Part (2) above implies that if the value of $a_2$ is known, the common ratio must be multiplied to $a_2$ to find the value of $a_4$.
Thus,
$a_4 = a_2 \cdot r \cdot r
\\a_4 = a_2 \cdot r^2$
Substitute the given values of $a_4$ and $a_2$ into the equation above to obtain:
$a_4 = a_2 \cdot r^2
\\1575 = 7 \cdot r^2
\\\dfrac{1575}{7} = \dfrac{7\cdot r^2}{7}
\\225 = r^2$
Take the square root of both sides to obtain:
$\pm \sqrt{225} = \sqrt{r^2}
\\\pm 15 = r$
Thus, there are two possible values of $r$, $-15$ and $15$.

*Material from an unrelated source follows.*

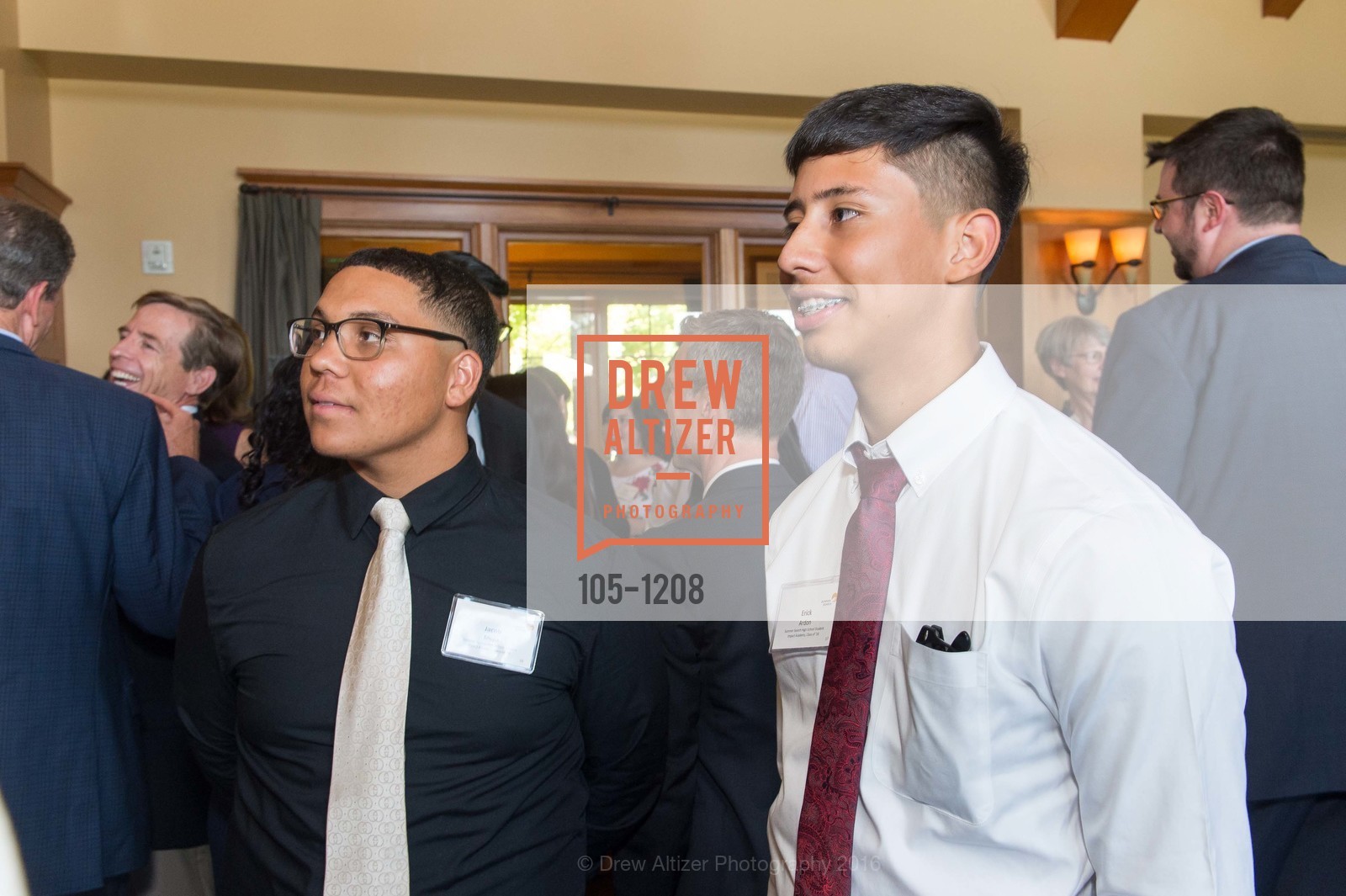 Jacob Mejia, Erick Ardon, Photo #105-1208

Solve for the first term to obtain:
If $r=15$,
$r=\dfrac{a_2}{a_1}
\\15 = \dfrac{7}{a_1}
\\a_1(15) = \dfrac{7}{a_1} \cdot a_1
\\15a_1 = 7
\\a_1 = \dfrac{7}{15}$
Thus, the $n^{th}$ term of the geometric sequence is $a_n=\dfrac{7}{15} \cdot 15^{n-1}$.
If $r=-15$,
$r=\dfrac{a_2}{a_1}
\\-15 = \dfrac{7}{a_1}
\\a_1(-15) = \dfrac{7}{a_1} \cdot a_1
\\-15a_1 = 7
\\a_1 = \dfrac{7}{-15}
\\a_1 = -\dfrac{7}{15}$
Thus, the $n^{th}$ term of the geometric sequence is $a_n=-\dfrac{7}{15} \cdot (-15)^{n-1}$.